Finally after 42 years in office, the world’s longest ruling president Omar Bongo of Gabon is dead. His death however raises a lot of questions that critically need to be looked at if Africa and indeed much of the developing world want to make a step forward in democracy and leadership.
He came to power during the days when African presidents {read Big Men} called the shots and most African countries were barely a decade-old since independence from Western colonial powers. Fair elections were unheard of and military coups were widespread from one corner of the continent to the other, more so West Africa where the late Mr. Bongo hails from. The president’s word was law regardless of whether it was enshrined in the constitution or not.

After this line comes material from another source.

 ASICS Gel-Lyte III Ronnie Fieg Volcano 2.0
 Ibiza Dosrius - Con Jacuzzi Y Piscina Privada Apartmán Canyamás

Even on his death, accusations and investigations in France hung over his head over embezzlement of public resources and his immense undeclared wealth. Sounds familiar, huh? Mobutu Sese Seko of Zaire [DR Congo} was one other such rich president while his subjects were very poor all through his regime from the mid-1960s till his overthrow in 1997. Like Mr. Mobutu’s Zaire, Gabon is very rich in natural wealth but those who benefit from it are the political elite and a few of their cronies. Seems Mr. Bong was in very rich company.
He may not have had the extremes of Mobutu, Charles Taylor, Idi Amin, Jean-Bedel Bokassa or Mengistu Haile Mariam in terms of gross human rights violations, but he sure was in their league of despotic rule in terms of suppressing democratic space and running their nations as if they were personal business ventures.
Still, in Africa we have leaders who have been in office for a very long time, and still go into elections just as a formality to endorse them. Hosni Mubarak of Egypt, Robert Mugabe of Zimbabwe, Zine El Abidine of Tunisia, Yoweri Museveni of Uganda among others. In Libya, I can’t even remember when I last heard of an election there. Some of these leaders may not be necessarily bad or despots in the extreme sense of the word, {like Gaddafi, El Abidine, et al} but there are other people whose ideas should be given a platform as well.
If Togo’s Gnassingbe Eyadema went and now Omar Bongo is gone, I believe a time will come when we will have more Botswanas and Mauritius’s and Rwandas in Africa. It seems like nature is doing what the ballot or the bullet {God forbid!} has not been able to do in ridding us of oppressive leaders, and slowly but certainly, the African Big Man is becoming extinct.